Mark Rutte, Prime Minister of the Netherlands since 2010, announced this Friday that he will present his resignation King Guillermo Alejandro in the next few hours for “insurmountable” discrepancies on the strategy to contain the flow of refugees entering the country.
“Tonight, unfortunately, we came to the conclusion that the discrepancies were insurmountable. For this reason, I will soon present my resignation to the King on behalf of the entire government,” Rutte told a press conference.
In addition, the 56-year-old official assured that he still had “energy” to run for a fifth term, but that he had to “reflect” on it first.
Rutte, the longest-serving head of government in the history of the Netherlandsargued that “the government did not reach an agreement on the measures to be adopted to contain the influx of asylum seekers.”
The leader of the center-right People’s Party for Freedom and Democracy (VVD) wanted the other three parties in the government coalition to establish a quota system to limit the number of children from conflict zones eligible for asylum in Netherlands.
His proposal was to restrict the number of reunifications of children with their refugee relatives, already established in the Netherlands, to 200 per month, and he threatened to dissolve the cabinet if his allies did not prove, Dutch media reported.
But the conservative Christian Uni party, which brought Rutte the support of the Protestant electorate in the center of the country, radically opposed that plan. The D66 formation, from the center-left, did not support the initiative either.
Those three parties, along with the centre-right CDA, held negotiations late into the night on Thursday, without reaching a compromise.
Rutte thus ends his fourth term since his first entry into office, in October 2010.
This latest term began in January 2022, with a coalition that took nine months to form after the March 2021 elections. The end of his third term was triggered by a scandal involving family allowances.

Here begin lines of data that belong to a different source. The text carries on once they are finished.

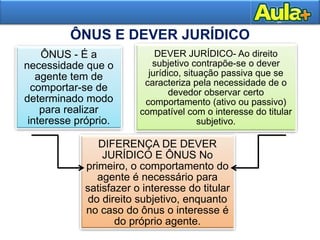 21
ÔNUS E DEVER JURÍDICO
17
ÔNUS - É a
necessidade que o
agente tem de
comportar-se de
determinado modo
para realizar
interesse próprio.
DEVER JURÍDICO- Ao direito
subjetivo contrapõe-se o dever
jurídico, situação passiva que se
caracteriza pela necessidade de o
devedor observar certo
comportamento (ativo ou passivo)
compatível com o interesse do titular
subjetivo.
DIFERENÇA DE DEVER
JURÍDICO E ÔNUS No
primeiro, o comportamento do
agente é necessário para
satisfazer o interesse do titular
do direito subjetivo, enquanto
no caso do ônus o interesse é
do próprio agente.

According to the local media, Rutte, nicknamed “Teflon” for his cacity for political survival, seeks with the current dissolution of his cabinet to save energy to fight a battle with a wing of his party that defends a tougher line on immigration policy and refugee reception.
The elections to the lower house of the Dutch Parliament, due to be held later this year, will take place in a polarized and divided political landsce: there are 20 parties in the 150-seat lower house.
Similar debates are taking place elsewhere in Europe, as migrants fleeing conflict or seeking a better life make perilous sea journeys from North Africa to reach the continent. Hundreds of thousands of people have also fled the war in Ukraine.
Migration will be a major issue in next year’s European Union parliamentary elections, but the issue hit early in the Netherlands.
Rutte’s coalition tried for months to reach an agreement to reduce the flow of new migrants to this country of nearly 18 million people. The proposals reportedly included creating two classes of asylum – a temporary one for those fleeing conflict and a permanent one for those trying to esce persecution – and reducing the number of family members who can join asylum seekers in the Netherlands.